We can re-use already-successful architectures by reducing the time needed for choosing different neural hidden layers, convolution layers, or other configuration parameters (i.e. learning rate).
We can also re-use already-trained neural networks (i.e. maybe someone already let the NN learn for a few weeks) and greatly reduce the training time.
Play with training data by cropping, changing colors, rotating, etc. to obtain more data so we can help NNs learn more and be smarter.
Let's see how we can solve the problem of detecting a cat and dog!
Well-Known Architectures
This is a classic neural network architecture successfully used on the handwritten digit recognizer problem back in 1998. You can find more information for other versions of the LeNet architecture here. There is an already-existing implementation in the Deeplearning4j library on GitHub (although not exactly as it is the paper).
The LeNet - 5 architecture looks like this (if you're not familiar with convolution, please have a quick look here):
In principle, this architecture introduced the idea of applying several convolution layers and pooling layers before connecting to a neural network and then to the outputs.
It takes as input a 32x32x1 matrix (the third dimension is 1 for black and white; it will be 3 for RGB), then applies 6 convolution 5×5 matrices. Applying formula described here, we get a 28x28x6 matrix. Notice that the third dimension is equal to the number of convolution matrices. Usually, convolution will reduce first two dimensions (width X height) but increase the third dimension (channels).
After that, we apply 2×2 with stride 2 for the max pooling layer (in the paper, this was average pool), which gives a matrix of 14x14x6. Notice that the pooling layer left the third dimension unchanged but reduced the first two (width X height) by dividing by 2, so pooling layers are used to reduce only the first two dimensions.
Additionally, we apply 16 convolution 5×5 matrices, which gives 10x10x16. Then. by adding 2×2 max pooling, we end up with 5x5x16.
We use the output 5x5x16 of several convolutions and pooling to feed a 500-layer neural network with only one hidden layer and ten outputs (0-9 digits). The model has to learn approximately 60,000 parameters.
According to paper, this model was able to achieve 99.05% accuracy!
This is a more modern architecture (2012) that works on RGB colored images and has way more convolutions and full connected neurons. This architecture showed great results and convinced a lot of people that deep learning works pretty well for image problems. In a way, this is similar to LeNet - 5 — just bigger and deeper because at that time, the processing power was also way greater (GPUs were widely introduced).
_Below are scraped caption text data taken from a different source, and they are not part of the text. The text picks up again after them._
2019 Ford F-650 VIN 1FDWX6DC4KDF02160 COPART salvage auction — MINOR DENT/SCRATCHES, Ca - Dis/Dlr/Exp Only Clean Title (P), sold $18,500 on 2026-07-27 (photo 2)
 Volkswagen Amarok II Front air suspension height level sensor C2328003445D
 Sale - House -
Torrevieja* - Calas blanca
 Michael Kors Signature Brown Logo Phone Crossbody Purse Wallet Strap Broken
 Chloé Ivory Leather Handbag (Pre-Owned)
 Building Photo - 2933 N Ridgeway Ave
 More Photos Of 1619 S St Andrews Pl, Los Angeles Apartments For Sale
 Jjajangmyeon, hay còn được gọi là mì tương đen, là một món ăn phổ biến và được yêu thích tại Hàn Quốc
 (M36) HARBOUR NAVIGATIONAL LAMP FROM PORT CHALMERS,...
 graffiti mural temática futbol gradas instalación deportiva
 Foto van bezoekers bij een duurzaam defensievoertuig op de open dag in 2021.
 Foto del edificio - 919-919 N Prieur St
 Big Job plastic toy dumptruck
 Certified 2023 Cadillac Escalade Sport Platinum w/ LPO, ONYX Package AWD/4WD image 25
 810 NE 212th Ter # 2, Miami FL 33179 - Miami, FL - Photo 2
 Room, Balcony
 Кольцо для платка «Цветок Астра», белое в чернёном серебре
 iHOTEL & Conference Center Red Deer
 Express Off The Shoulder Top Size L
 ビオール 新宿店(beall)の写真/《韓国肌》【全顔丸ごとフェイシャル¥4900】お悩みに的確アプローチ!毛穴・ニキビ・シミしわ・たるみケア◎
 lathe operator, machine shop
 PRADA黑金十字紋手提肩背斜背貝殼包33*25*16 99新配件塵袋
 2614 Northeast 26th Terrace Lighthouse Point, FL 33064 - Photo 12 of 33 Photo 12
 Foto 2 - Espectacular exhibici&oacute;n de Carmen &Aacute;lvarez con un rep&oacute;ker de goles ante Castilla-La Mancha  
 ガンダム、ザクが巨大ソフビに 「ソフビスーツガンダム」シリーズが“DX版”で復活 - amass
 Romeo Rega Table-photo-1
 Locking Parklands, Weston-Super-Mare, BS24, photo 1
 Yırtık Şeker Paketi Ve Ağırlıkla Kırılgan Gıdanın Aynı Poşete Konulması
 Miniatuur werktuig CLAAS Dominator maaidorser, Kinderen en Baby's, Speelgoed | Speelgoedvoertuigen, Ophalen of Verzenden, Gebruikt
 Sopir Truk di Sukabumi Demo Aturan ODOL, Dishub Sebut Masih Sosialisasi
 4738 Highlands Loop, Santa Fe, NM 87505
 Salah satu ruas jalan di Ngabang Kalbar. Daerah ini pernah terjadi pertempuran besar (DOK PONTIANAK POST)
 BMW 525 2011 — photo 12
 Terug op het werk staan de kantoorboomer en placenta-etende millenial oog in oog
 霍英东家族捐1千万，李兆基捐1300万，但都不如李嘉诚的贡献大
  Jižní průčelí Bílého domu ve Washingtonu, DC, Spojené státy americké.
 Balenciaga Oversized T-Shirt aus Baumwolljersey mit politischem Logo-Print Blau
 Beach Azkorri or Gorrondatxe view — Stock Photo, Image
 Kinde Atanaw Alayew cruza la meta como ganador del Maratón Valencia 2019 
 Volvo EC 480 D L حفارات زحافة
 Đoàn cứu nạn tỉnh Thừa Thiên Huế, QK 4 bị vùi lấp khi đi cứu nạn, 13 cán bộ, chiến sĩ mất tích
There is also an already-existing implementation in the Deeplearning4j library on GitHub.
The architecture will look like below:
We start with more pixels and also colored images (224x224x3RGB image). In principle, this is the same as LeNet - 5 above — just with more convolutions and pooling layers. Convolutions are used to increase the third dimension and the first two dimensions are usually left unchanged (except the first one with stride s=4). Pooling layers are used to decrease (usually by dividing by 2) the first two dimensions (width X height) and leave the third dimension untouched. Conv same simply means to leave two first dimensions (width X height) unchanged. Using the formulas described in the previous post, it's fairly easy to get the same values as in the picture.
After adding several convolution and pooling layers, we end up with a 6x6x256 matrix, which is used to feed a large neural network with three hidden layers (9216, 4096, 4096).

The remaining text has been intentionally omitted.